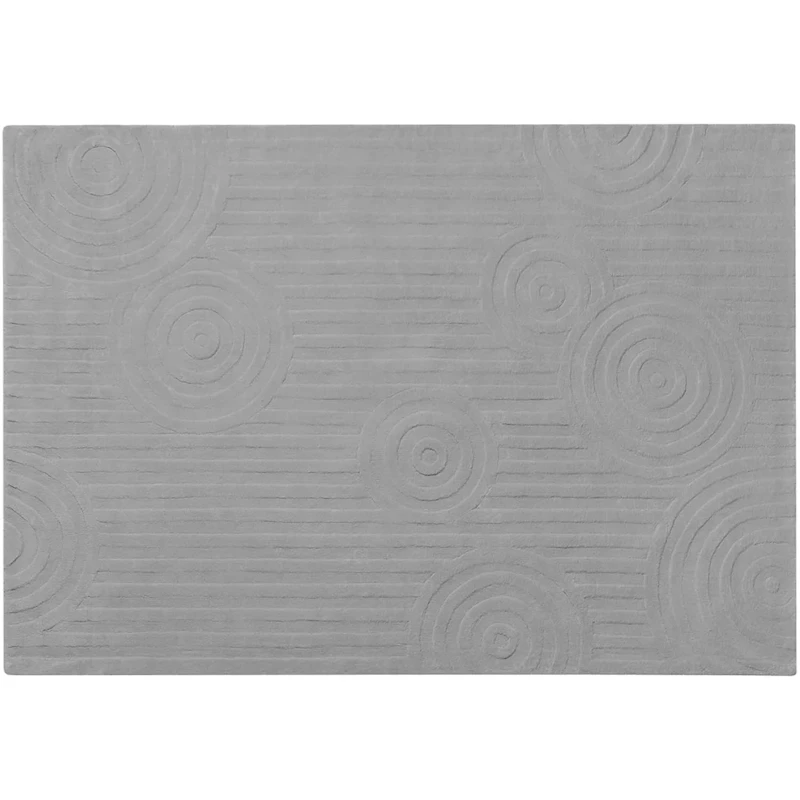 Uzu Matta 140x200 cm, Zinc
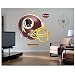 Redskins Fathead NFL Helmet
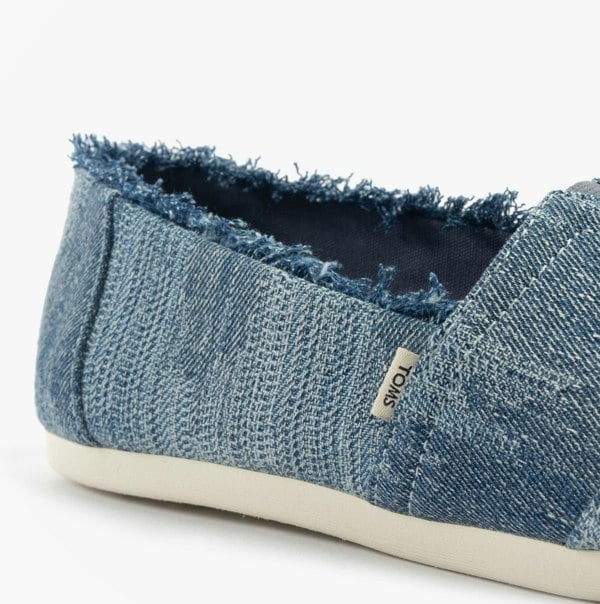 TOMS ALPARGATA CLASSIC Womens Espadrille Blue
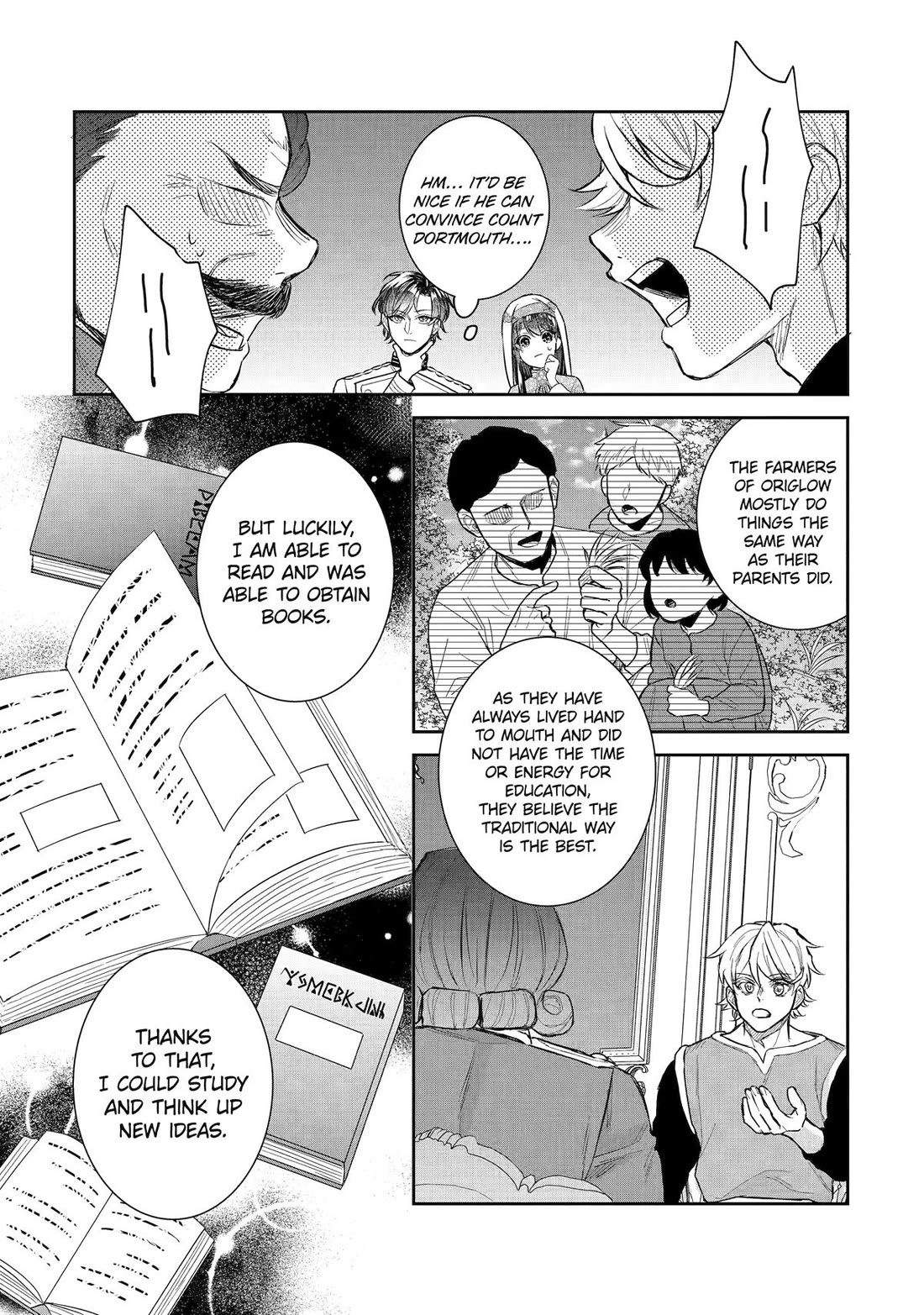 Seijo no Hazu ga, Douyara Nottoraremashita Chapter 48 page 3 - Chapter 48
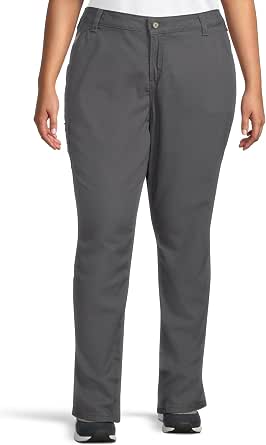 Ariat Work Women's Plus Size FR Stretch Duralight Canvas Stackable Straight Leg Pants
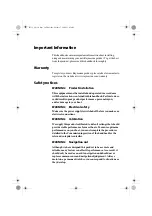 Preview for 3 page of Raymarine E12093 Installation Instructions Manual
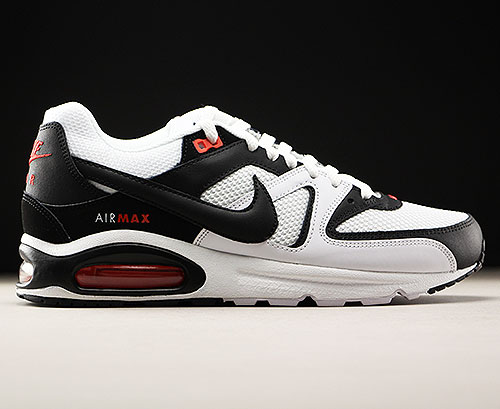 Nike Air Max Command wit zwart rood 629993-103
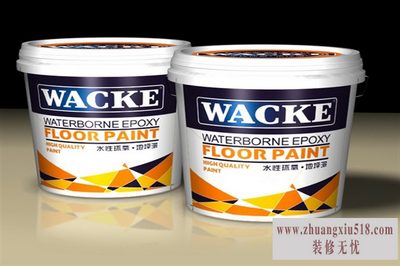 水性环氧地坪漆价格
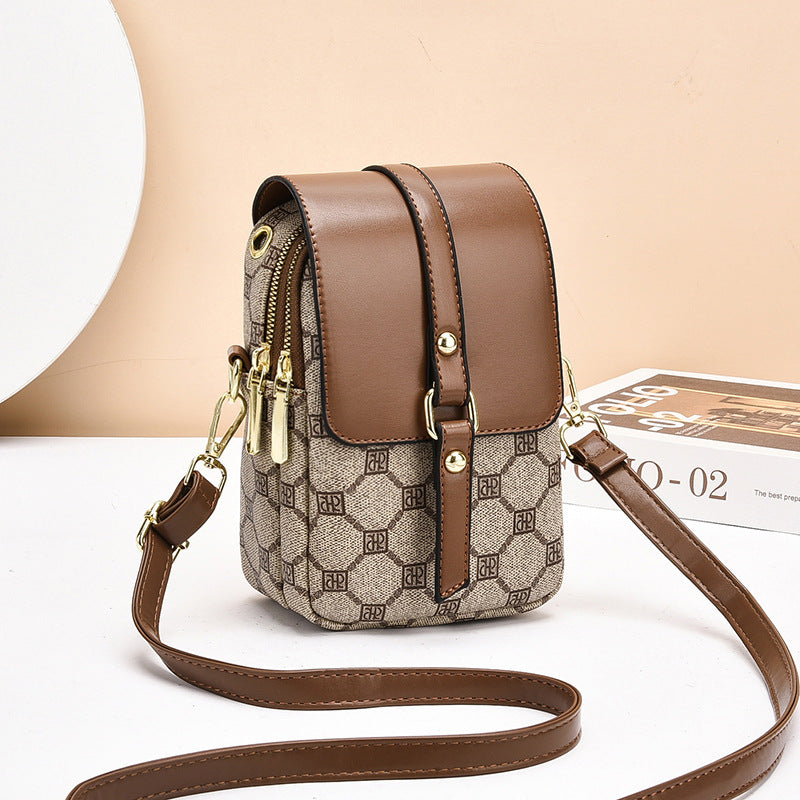 2026 Crossbody Bag for Women, New Autumn and Winter Trendy Fashion Versatile High-End Lightweight Women's Printed Shoulder Bag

........

▸ Directions for this task
No pictures go in the copy. Output exactly the lines from the line containing "Seijo no Hazu" through the end of the listing above.

▸ Your solution
 Seijo no Hazu ga, Douyara Nottoraremashita Chapter 48 page 3 - Chapter 48
 Ariat Work Women's Plus Size FR Stretch Duralight Canvas Stackable Straight Leg Pants
 Preview for 3 page of Raymarine E12093 Installation Instructions Manual
 Nike Air Max Command wit zwart rood 629993-103
 水性环氧地坪漆价格
 2026 Crossbody Bag for Women, New Autumn and Winter Trendy Fashion Versatile High-End Lightweight Women's Printed Shoulder Bag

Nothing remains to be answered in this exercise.